■ Directions: Copy, exactly as written, the lines that begin at the one containing "Prodej domu 160 m², Sedlec-Prčice" and end at the one containing "File:Ramuh Concept.jpg". Skip any pictures in the data below.

-------

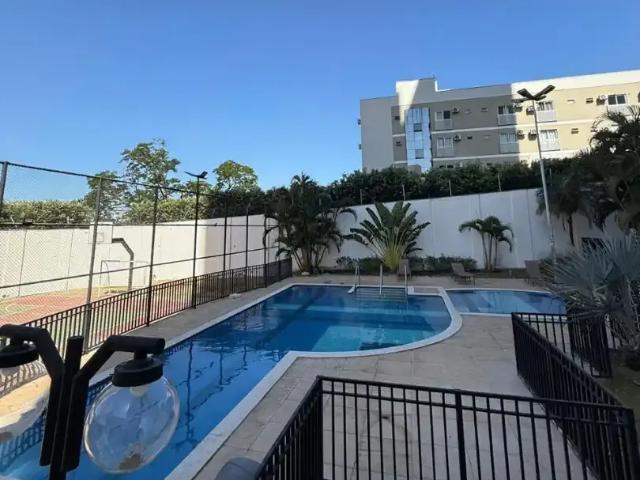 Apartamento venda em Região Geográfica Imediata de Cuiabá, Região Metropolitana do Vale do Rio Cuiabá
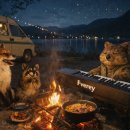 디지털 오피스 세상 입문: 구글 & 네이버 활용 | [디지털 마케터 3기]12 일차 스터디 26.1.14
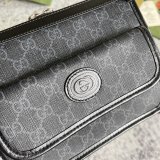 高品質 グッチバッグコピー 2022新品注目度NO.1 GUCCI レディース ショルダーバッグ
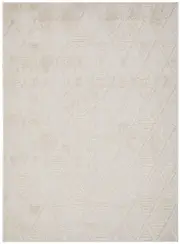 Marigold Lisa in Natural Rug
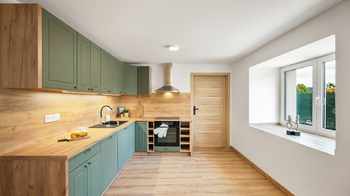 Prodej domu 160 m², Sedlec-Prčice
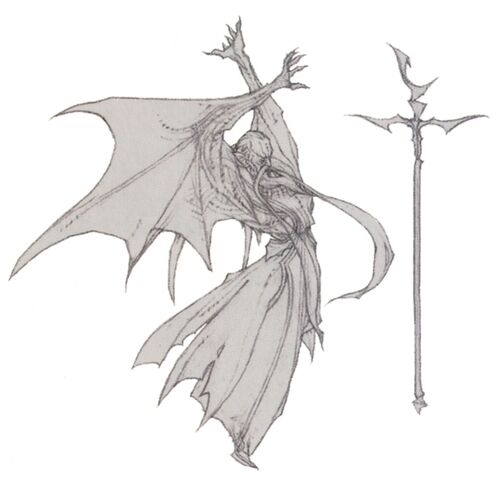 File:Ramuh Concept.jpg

-------

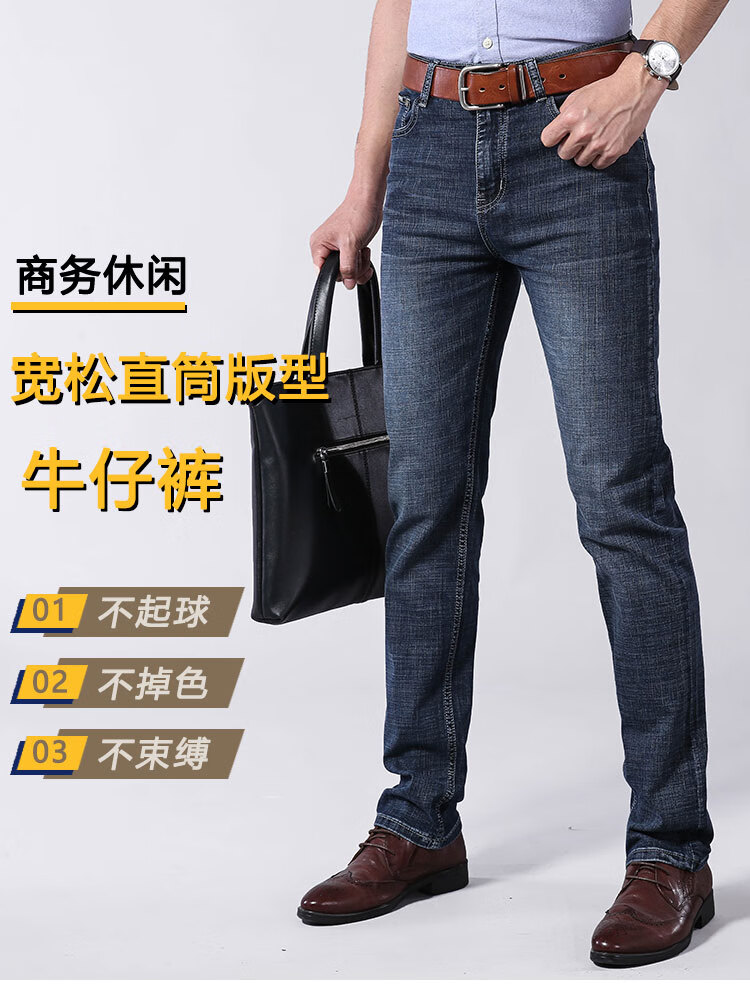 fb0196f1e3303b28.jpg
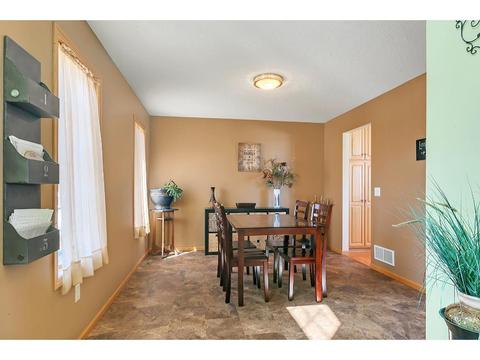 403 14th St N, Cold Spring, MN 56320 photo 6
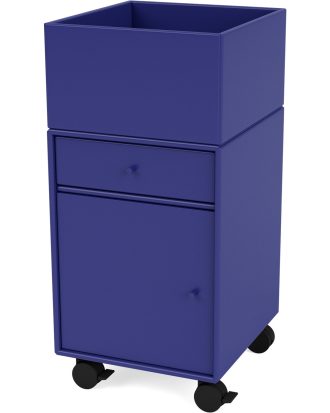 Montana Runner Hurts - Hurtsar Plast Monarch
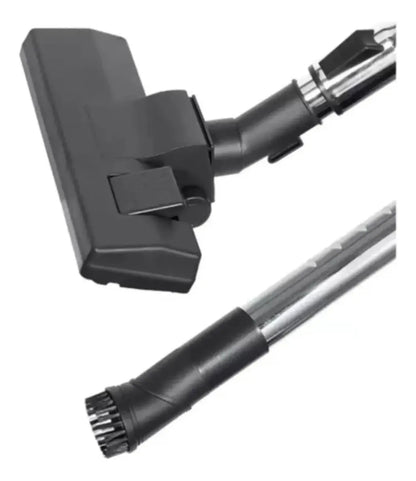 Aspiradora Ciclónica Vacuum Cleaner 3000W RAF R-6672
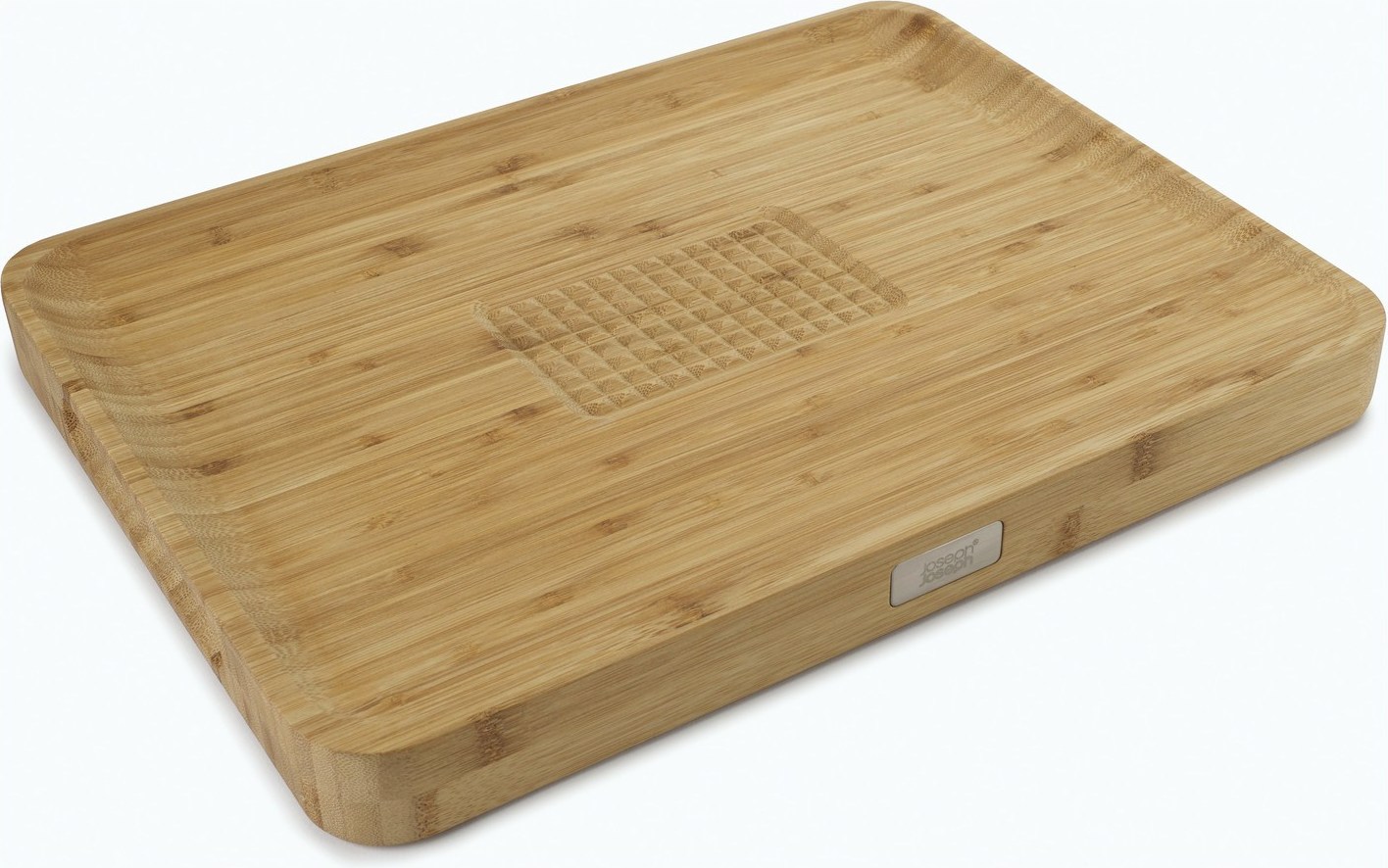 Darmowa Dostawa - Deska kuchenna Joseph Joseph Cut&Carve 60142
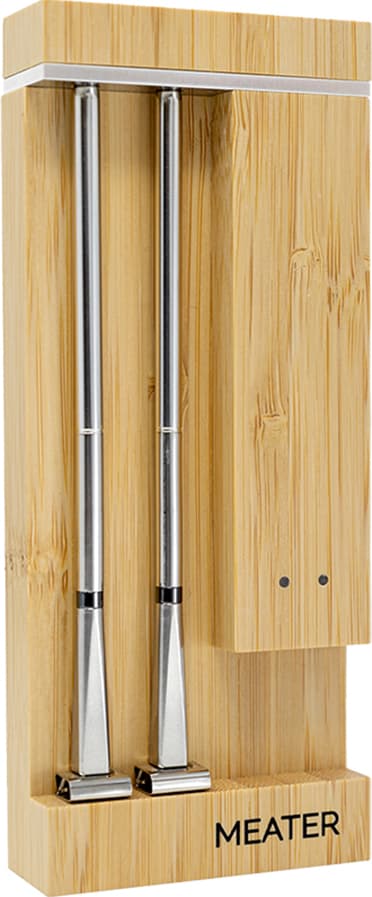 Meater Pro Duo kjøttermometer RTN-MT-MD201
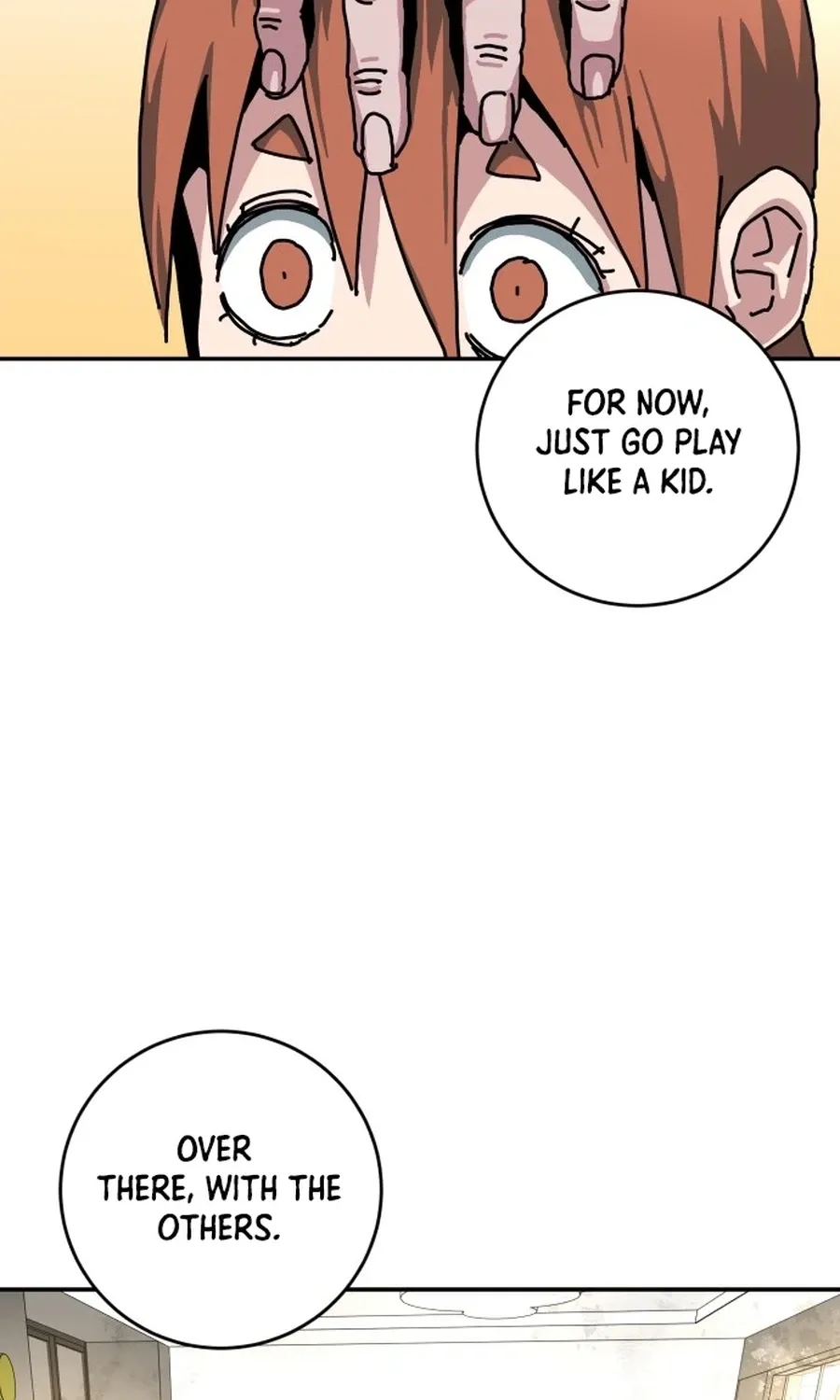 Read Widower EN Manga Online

-------

■ Task answer:
 Prodej domu 160 m², Sedlec-Prčice
 File:Ramuh Concept.jpg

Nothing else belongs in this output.